→ **DATA BELOW**:

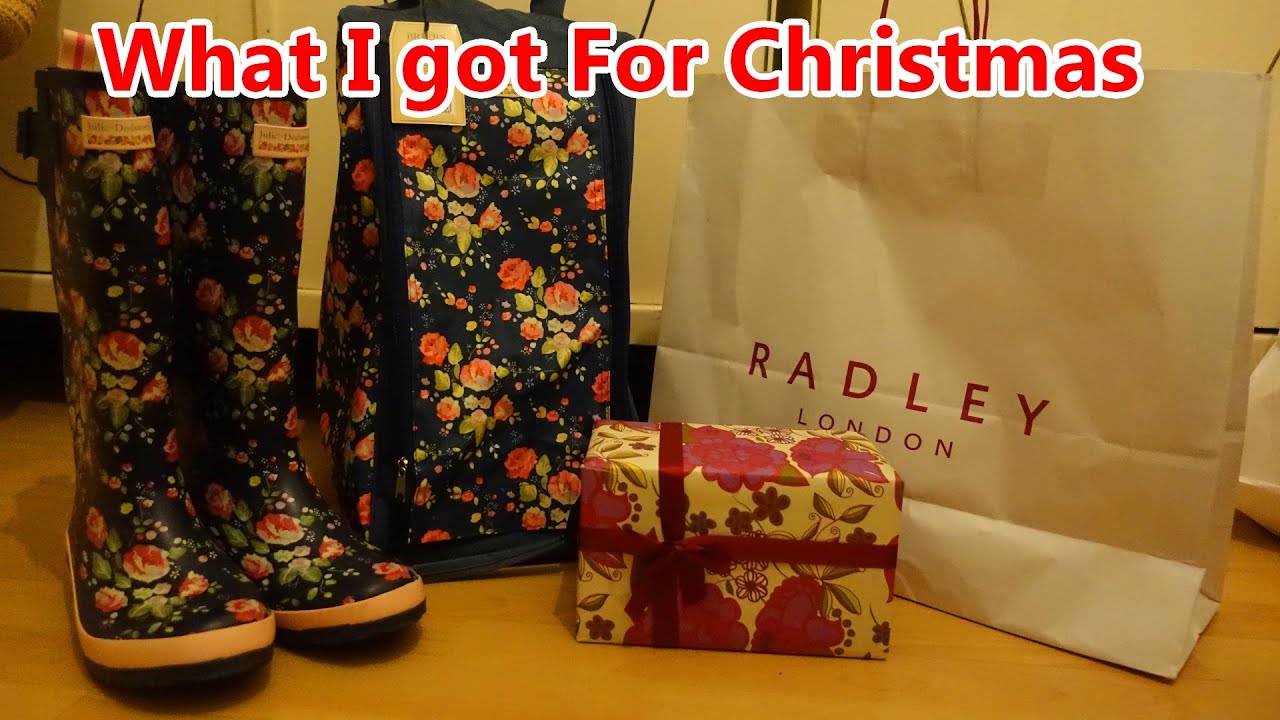 What I Got For Christmas 2020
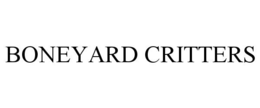 BONEYARD CRITTERS trademark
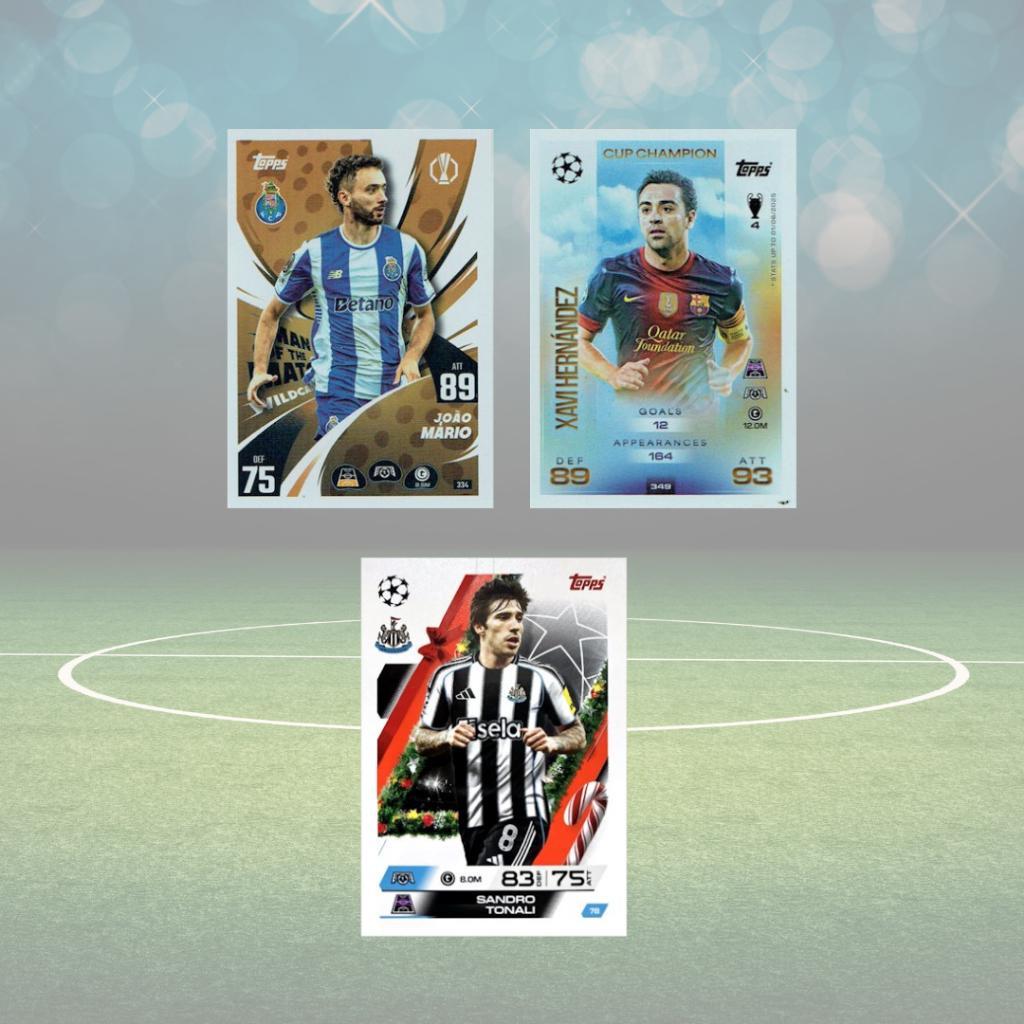 พร้อมส่ง!! แยกซอง การ์ดสะสมฟุตบอล Topps UCC Match Attax 2025/26 (p4)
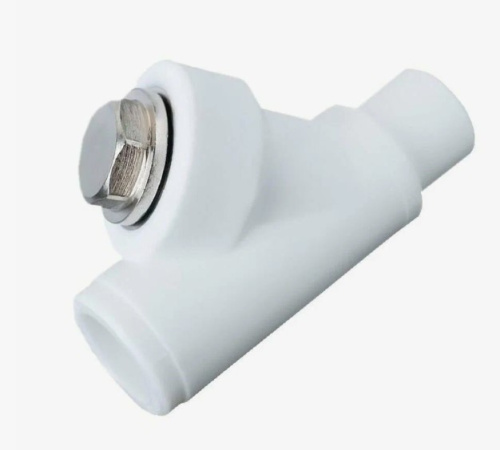 Фильтр PP-R сетчатый Дн25 ВР/НР ВИА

→ **ACTION ITEM**: Drop the images and return the data verbatim.

→ **YOUR RESPONSE**:
 What I Got For Christmas 2020
 BONEYARD CRITTERS trademark
 พร้อมส่ง!! แยกซอง การ์ดสะสมฟุตบอล Topps UCC Match Attax 2025/26 (p4)
 Фильтр PP-R сетчатый Дн25 ВР/НР ВИА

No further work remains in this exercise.